== Segment start ==

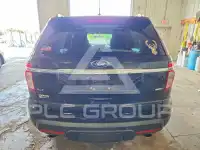 2015 Ford EXPLORER фото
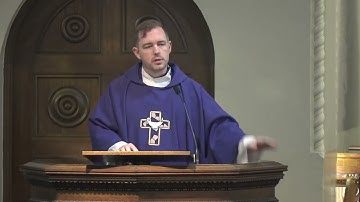 Thursday of the Third Week of Advent, December 15, 2022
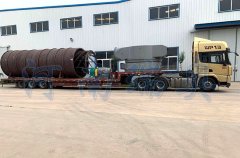 煤泥烘干機出現欠火的情況應該如何解決？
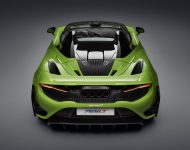 2022 McLaren 765LT Spider - Rear Wallpaper 190x150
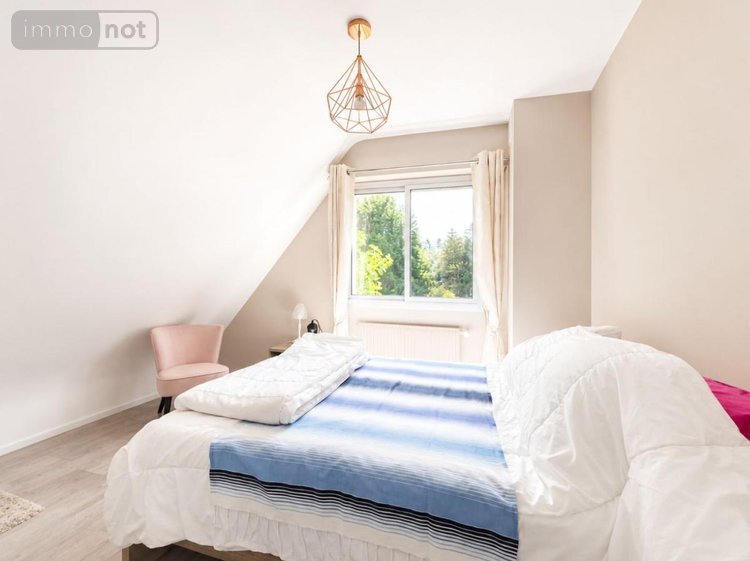 Maison a vendre Fouesnant 29170 Finistère 135 m2 5 pièces 517275 euros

== Segment end ==

• Required work:
Your copy should match the entries above exactly and contain no pictures.

• Output:
 2015 Ford EXPLORER фото
 Thursday of the Third Week of Advent, December 15, 2022
 煤泥烘干機出現欠火的情況應該如何解決？
 2022 McLaren 765LT Spider - Rear Wallpaper 190x150
 Maison a vendre Fouesnant 29170 Finistère 135 m2 5 pièces 517275 euros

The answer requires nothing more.